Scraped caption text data
________________

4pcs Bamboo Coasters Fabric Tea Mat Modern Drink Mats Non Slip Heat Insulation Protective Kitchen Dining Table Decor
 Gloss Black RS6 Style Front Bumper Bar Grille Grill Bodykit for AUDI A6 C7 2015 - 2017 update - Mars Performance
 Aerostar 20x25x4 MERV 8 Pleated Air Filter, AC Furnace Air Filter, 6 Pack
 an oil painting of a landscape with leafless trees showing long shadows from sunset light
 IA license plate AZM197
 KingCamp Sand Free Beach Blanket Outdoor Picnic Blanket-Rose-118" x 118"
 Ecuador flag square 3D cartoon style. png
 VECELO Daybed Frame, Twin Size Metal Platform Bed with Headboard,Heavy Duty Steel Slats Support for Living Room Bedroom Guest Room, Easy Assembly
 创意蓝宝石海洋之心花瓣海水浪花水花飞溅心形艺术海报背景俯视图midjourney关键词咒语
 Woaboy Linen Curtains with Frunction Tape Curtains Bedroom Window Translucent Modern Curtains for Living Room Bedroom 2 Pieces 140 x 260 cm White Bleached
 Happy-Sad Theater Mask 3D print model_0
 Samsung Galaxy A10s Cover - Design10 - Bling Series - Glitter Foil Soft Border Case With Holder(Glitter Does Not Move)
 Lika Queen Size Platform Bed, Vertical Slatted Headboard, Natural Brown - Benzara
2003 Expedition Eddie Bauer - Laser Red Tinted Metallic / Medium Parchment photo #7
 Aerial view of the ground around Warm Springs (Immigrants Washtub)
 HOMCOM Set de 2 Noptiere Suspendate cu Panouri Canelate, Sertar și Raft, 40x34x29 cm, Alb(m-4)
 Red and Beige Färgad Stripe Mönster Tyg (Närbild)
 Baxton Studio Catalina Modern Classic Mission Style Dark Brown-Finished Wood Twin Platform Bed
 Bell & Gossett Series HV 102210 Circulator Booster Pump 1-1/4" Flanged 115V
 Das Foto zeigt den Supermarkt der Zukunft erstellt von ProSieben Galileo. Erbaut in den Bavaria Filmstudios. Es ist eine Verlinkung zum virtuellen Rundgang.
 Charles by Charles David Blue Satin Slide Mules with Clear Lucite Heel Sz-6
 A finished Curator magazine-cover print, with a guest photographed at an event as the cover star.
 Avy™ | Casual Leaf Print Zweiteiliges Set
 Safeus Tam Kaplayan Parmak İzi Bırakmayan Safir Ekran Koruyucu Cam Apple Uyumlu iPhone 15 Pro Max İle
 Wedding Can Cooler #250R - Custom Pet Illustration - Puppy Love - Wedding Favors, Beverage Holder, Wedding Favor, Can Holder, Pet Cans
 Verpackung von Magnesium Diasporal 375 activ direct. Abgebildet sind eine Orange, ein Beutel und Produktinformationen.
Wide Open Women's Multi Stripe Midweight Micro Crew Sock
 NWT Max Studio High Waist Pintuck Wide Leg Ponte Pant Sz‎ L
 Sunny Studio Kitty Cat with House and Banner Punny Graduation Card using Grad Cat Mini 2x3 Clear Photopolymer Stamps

________________

Task requirements: Show every line above in which the word "Living" occurs.

Solved exercise:
 VECELO Daybed Frame, Twin Size Metal Platform Bed with Headboard,Heavy Duty Steel Slats Support for Living Room Bedroom Guest Room, Easy Assembly
 Woaboy Linen Curtains with Frunction Tape Curtains Bedroom Window Translucent Modern Curtains for Living Room Bedroom 2 Pieces 140 x 260 cm White Bleached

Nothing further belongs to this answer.